What are we farming?
A little bit of background:
Amare is not a farm in the traditional sense of large scale commercial farming, but a fumbling attempt at sustainability. We are completely off grid and use only solar powar, and in the process of healing our poor soil to grow produce.
I am a huge animal lover. I started out on my farm journey with raising our own animals for meat and dairy, but eventually reached a place where I could no longer participate in that process. All animals at Amare will die of old age.
We currently have two cows....siblings Snowbelle and Ferdinand. The cow manure is collected and put into worm baths for making vermicompost. All in all, the cows are the center of the sustainable farm universe.
We have 2 delightful mini-pigs named Captain Pugwash and Pumba.

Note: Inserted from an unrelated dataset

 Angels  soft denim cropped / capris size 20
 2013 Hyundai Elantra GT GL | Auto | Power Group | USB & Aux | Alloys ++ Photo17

They live in a mobile piggy camp that performs a crucial role of soil preparation in my vegetable garden. They are fed on all our household scaps, kitchen scraps from my children's school and food waste from visitors to the farm.
Our chickens move around the vegetable garden in mobile cages. They move onto patches of garden that have just been harvested. They then feed on the remaining greens, bugs and pests, scratch the earth aerating and fertilizing it with their manure. All clippings of herbs and nearby vegetation are also tossed into their cages for them to process into mulch. This process prepares the soil for the next veg planting.
Our horses: Sherwood and Charlie are the only 2 animals on the farm that serve no purpose other than pleasure. Sherwood knows the surrounding hills like the back of his hoof, and Charlie is a retired circus pony with a bad back, but is the equine version of a dog and can be cuddled, kissed and fiddled with by all who visit the farm. He has the bluest eyes and the mere sight of him makes me smile.
Two little black cats called Schnitzel and Nanzi (Don't let your kids name their pets)
Last but not least are our dogs: Bowie is the K9 guest liaison officer and generally races down to the cottage to meet whoever arrives and assist them with disposing of any random bones you may need to be rid of. Little Holly is my daughters first love and Spencer is the Scruffy little man who's purpose we are unsure of.
What we are growing:
Tagasastes trees have been planted for animal fodder. Their common name is tree lucerne. This is a water wise way of growing dry feed for cattle. The chickens also really enjoy having branches tossed into their cages for them to feed on. We are striving to become completely self reliant with regards to animal feeds.
We are planting up a rather large permaculture vegetable garden. This incorporates the tagastes trees, herbs, a few fruit trees as well as many flowering plants as hedging and edge planting. This system of growing vegetables improves the soil, is very water-wise and completely free of any kind of pesticide, herbicide or unnatural fertilizer. The chickens are an integral part of this process. The vegetable garden will serve to feed our family and animals as well as provide opportunity to sell excess vegetables to our farm guests.
Specific fruit trees have been planted that can cope with our unique conditions. Guava's, Quince, Figs, Lemons, Macadamia's are all planted in conjunction with leguminous nitrogen fixing trees like Carob, Fountainbush.
The rest of our gardens are fynbos. That is what grows here naturally. Fynbos is water-wise, creates habitat for birds and butterflies and other species endemic to the area and is in keeping with leaving as much of our landscape as unspoiled as possible.